Stearns County Has Disposed Ballots from the 2020 Election
But will that really prevent the truth from eventually being known?
Last summer, when I met in person alongside two Stearns residents with the Stearns County Auditor-Treasurer (24 years in this role) and the newly placed Division Director of Elections, both election officials seemed to have an incomplete understanding of the significance of a cast vote record, which is an automatic internal audit feature in all tabulators certified for use in Minnesota. However only about 24 hours later it was communicated that the citizens of Stearns asking for this would not get this public election data. In September 2022, after Minnesota’s Secretary of State (and many election officials) implied these didn’t exist, Fillmore County produced the first analyzable CVR in Minnesota.
More than 1,000 cast vote record reports from elections in 2020, 2021, and 2022 have been collected by ordros.com, demonstrating there is no legal issue with handing over this election data to the public. Government work product is public. Counties like Dodge County, Wisconsin, even provide public links to downloadable zip files of both CVRs and ballot images on the Dodge County website, which saves staff and citizens time having to send and reply to requests.
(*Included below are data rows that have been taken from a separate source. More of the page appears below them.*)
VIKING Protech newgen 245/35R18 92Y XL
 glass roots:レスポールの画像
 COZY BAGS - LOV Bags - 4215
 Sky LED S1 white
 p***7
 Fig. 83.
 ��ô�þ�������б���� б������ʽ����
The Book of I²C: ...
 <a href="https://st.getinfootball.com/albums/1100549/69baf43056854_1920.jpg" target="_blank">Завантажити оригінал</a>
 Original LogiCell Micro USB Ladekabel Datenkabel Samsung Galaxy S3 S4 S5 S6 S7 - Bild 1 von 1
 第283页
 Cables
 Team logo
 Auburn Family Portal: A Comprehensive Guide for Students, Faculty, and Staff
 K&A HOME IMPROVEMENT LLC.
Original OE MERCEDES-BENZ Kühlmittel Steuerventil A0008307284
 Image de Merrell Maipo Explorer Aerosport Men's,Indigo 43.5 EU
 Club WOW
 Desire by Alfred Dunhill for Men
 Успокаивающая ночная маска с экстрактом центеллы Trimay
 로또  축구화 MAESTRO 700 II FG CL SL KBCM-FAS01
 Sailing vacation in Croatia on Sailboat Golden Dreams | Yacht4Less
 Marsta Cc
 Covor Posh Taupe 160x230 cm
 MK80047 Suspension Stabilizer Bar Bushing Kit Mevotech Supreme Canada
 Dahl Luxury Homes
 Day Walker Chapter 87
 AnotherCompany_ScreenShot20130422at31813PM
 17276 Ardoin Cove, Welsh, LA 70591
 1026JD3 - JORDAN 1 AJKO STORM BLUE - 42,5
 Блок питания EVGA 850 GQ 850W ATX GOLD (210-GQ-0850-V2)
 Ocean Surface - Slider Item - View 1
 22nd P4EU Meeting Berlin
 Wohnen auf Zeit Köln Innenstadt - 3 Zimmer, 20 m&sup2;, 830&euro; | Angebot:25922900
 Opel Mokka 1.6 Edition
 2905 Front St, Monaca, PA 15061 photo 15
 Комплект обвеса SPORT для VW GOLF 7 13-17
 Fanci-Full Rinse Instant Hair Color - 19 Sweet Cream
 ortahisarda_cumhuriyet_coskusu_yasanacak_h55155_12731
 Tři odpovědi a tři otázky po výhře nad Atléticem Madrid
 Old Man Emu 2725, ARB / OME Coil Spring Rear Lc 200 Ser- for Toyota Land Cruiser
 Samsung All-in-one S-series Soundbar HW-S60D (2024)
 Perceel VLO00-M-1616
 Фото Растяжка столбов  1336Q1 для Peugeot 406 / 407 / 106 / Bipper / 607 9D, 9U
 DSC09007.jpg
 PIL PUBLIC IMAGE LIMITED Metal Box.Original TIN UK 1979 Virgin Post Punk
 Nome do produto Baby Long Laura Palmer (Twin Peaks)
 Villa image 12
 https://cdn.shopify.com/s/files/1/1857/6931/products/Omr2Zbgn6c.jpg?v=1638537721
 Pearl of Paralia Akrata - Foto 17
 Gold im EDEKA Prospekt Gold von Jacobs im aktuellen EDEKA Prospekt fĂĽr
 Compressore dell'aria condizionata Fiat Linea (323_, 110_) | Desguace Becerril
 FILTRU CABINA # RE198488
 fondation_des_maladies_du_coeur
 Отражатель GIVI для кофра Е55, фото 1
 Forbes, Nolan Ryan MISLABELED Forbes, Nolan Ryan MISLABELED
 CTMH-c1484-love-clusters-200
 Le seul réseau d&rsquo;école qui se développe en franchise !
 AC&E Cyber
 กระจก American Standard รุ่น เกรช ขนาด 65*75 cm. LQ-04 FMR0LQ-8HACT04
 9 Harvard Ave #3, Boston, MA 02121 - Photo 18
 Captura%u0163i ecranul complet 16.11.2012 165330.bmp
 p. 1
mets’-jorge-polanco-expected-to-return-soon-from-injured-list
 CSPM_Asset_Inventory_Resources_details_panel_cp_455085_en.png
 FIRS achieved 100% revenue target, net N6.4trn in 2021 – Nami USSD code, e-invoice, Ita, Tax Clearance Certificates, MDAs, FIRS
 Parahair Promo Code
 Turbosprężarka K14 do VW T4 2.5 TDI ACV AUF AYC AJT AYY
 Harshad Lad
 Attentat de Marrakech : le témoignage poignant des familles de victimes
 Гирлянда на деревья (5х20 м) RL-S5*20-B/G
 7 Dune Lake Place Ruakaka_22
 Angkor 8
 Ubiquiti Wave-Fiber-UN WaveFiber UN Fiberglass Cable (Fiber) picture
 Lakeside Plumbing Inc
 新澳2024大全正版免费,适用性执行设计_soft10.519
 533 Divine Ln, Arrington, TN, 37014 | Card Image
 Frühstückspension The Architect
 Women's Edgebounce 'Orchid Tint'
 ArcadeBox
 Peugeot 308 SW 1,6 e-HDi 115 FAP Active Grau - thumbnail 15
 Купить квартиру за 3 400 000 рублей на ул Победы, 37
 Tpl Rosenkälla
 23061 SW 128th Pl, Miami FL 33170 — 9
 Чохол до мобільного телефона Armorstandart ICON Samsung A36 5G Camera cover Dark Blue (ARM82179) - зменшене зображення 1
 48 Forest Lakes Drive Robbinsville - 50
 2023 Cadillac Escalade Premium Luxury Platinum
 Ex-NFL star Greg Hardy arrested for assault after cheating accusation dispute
It was recently shared with a Stearns County citizen that the ballots for the 2020 general election were disposed of. Per federal and Minnesota statute, all election data, physical and digital, must be kept for a minimum of 22 months for most elections. Stearns County has therefore done nothing illegal in their disposal of the physical ballots (and absentee/mail-in signature envelopes) from 2020. However doing away with the ballots hardly helps to make the case toward transparency with the public before a comprehensive audit could take place (note that Post-Election Reviews in Minnesota only audit less than 1% of all ovals statewide on a tiny fraction of the total physical ballots, and do not investigate signature envelopes nor the cast vote records). Residents in Stearns attended commissioner meetings for months asking for audits and eventually relatively easier requests like the cast vote records.
They were asking for transparency.
Even in the Senate committee hearing yesterday about ranked choice voting, the man sitting next to me—wearing an orange t-shirt expressing his positive outlook on ranked choice voting (also known as instant runoff voting)—agreed that more transparency would be good. (This after being surprised that I was an “opponent” of SF2270—for a moment there I wasn’t sure if he would allow me to retake my seat after testifying.) Despite the reversal of first impressions, it’s even possible our conversation got back on the rails enough that in the hallway after the meeting he did not join the SF2270-proponent crowd gathering for their victory photo. A victory in my book.
Not all records from the 2020 election have been done away with, discarded, or destroyed. For instance, Tina Peters, the Mesa County, Colorado election clerk who was the subject of [S]election Code, preserved some of her digital records when she made a backup of her election computers prior to a Dominion employee’s “Trusted Build”, a software update which was shown to have deleted log files from the 2020 election—the Mesa Report #3 co-authored by Jeffrey O’Donnell and Dr. Walter Daugherity details proven database manipulation as well. I remember well when Mr. O’Donnell and one other man first shared their preliminary findings on a video call I happened to be on in October 2021. I didn’t know how pivotal O’Donnell would come to be in the current investigations nationwide (and internationally).
Not all election records been destroyed locally here in Minnesota. Even after the Crow Wing County Board of Commissioners voted in favor of a forensic audit (after great encouragement from residents), the Minnesota Secretary of State, Steve Simon, declined to audit Crow Wing County. Are counties holding onto their ballots should a future audit be called for? Perhaps they held onto them because so many citizens were asking about them? Or maybe they are avoiding the potential destruction of evidence given ongoing litigation?
Asking whether the 2020 records, physical ballots, absentee envelopes, and digital cast vote records, are still in the possession of your county is one simple question to map out the level of transparency the county is maintaining with the public. The same can be asked for the 2022 midterms and any other local elections in your area.
While it is true that the counties may legally dispose of these records, would it be so bad to hold onto them just a little bit longer? In the meantime, maybe they can see about sharing the cast vote records (video) with the public too.